On December 7th, 2024, a pair of red shoes worn by actor Judy Garland, who played Dorothy in The Wizard of Oz, was sold at auction for $28 million. In The Wizard of Oz, a young girl named Dorothy gets lost in the land of Oz— a fantasy kingdom of Dorothy’s imagination. Along the way, she acquires a pair of special red “ruby slippers.” At the end, Dorothy returns home by clicking the heels of her shoes together three times, and saying, “There’s no place like home.” During the movie, Judy Garland used many pairs of slippers. Some for close-ups, and others for dancing. After the movie was made, the shoes were stored away and forgotten. In the 1970s, someone found and sold them.
Michael Shaw bought a pair of the close-up shoes for $2,000. He made money by renting the shoes out to museums. In August 2005, Shaw loaned the shoes to the Judy Garland Museum, in Minnesota, for the fourth time. At night, thieves smashed the glass of a side door with a handheld sledgehammer and walked in. The door’s alarm had been disabled because children kept tripping on it. There were no security cameras recording and no motion detectors in the gallery.
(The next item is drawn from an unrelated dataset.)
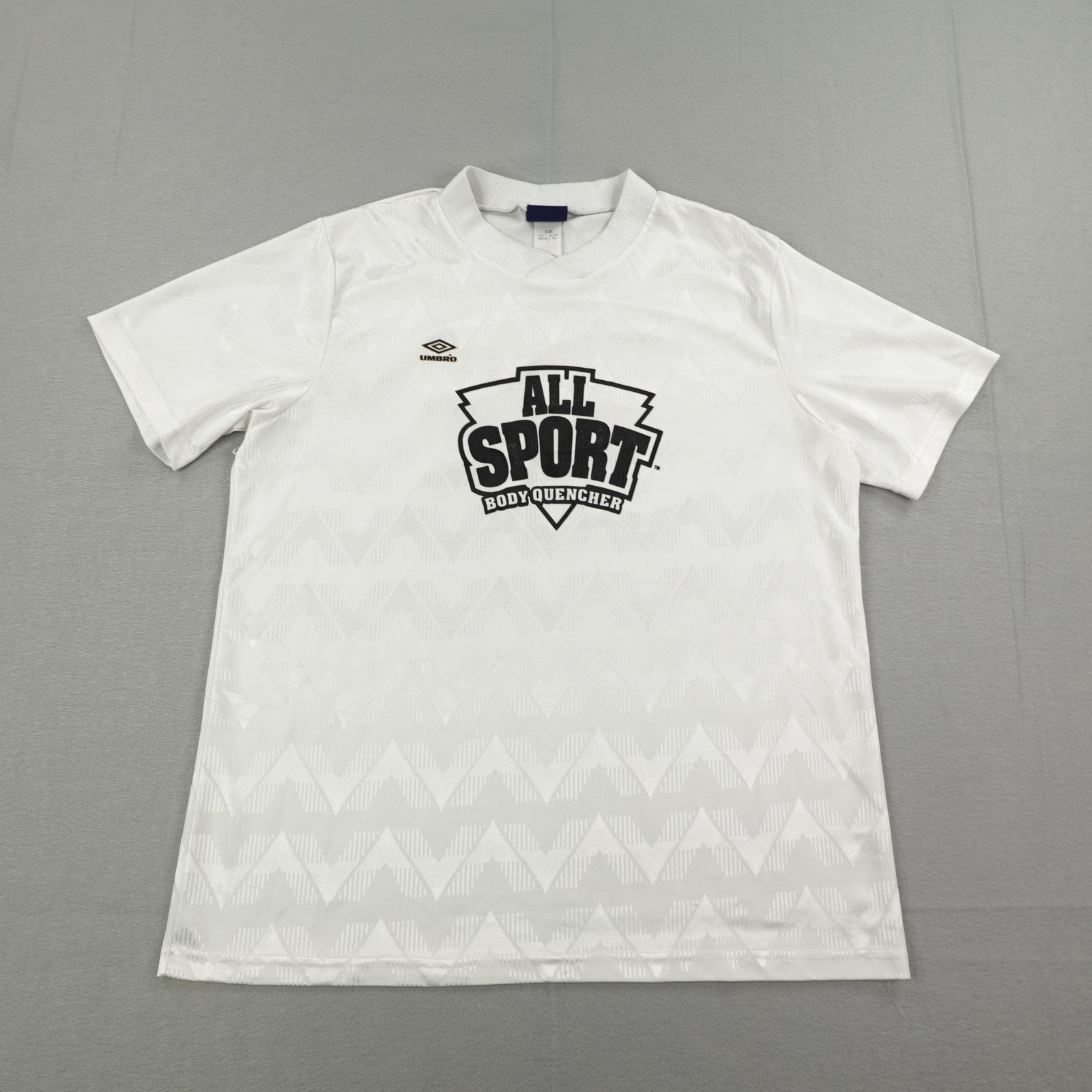 Vintage Umbro Shirt Mens X White Soccer Jersey #21 Shiny Silky Satin USA 90s ^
When John Kelsch, the Museum Director at the time, arrived the next morning, all that was left was a single sequin on the floor. And all the museum’s credibility for borrowing other artifacts was destroyed.
In 2018, 13 years after the heist, the shoes were recovered by the FBI in Minneapolis. The thieves were two male criminals, named Terry Martin and Jerry Saliterman, who were both in ill health and old by the time they went to court. Terry Martin claimed they initially thought the shoes were made of real rubies. After they realized they were made out of fake rubies, Martin and Saliterman thought the shoes weren’t worth the risk to move back. And so, the slippers sat in Jerry Saliterman’s backyard, near Minneapolis, buried for years in a box.
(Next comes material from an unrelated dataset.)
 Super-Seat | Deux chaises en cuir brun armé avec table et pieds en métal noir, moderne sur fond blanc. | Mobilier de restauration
In March, the stolen pair was reunited with Michael Shaw, who decided to sell them. The auction was in Dallas. Tim Walz, Governor of Minnesota, promised 24/7 security for the shoes. The slippers were estimated to be worth $3 million. The price rose past $3 million immediately. For 15 minutes, the price continued to climb, as people offered more and more money. In the end, the slippers sold for $28 million. With extra fees of the auction company, the total came to $32.5 million. The name of the buyer has not been publicly announced yet.
The slippers are the most expensive movie item ever sold. The previous record came in 2011, when the white dress worn by Marilyn Monroe in The Seven Year Itch sold for $5.52 million.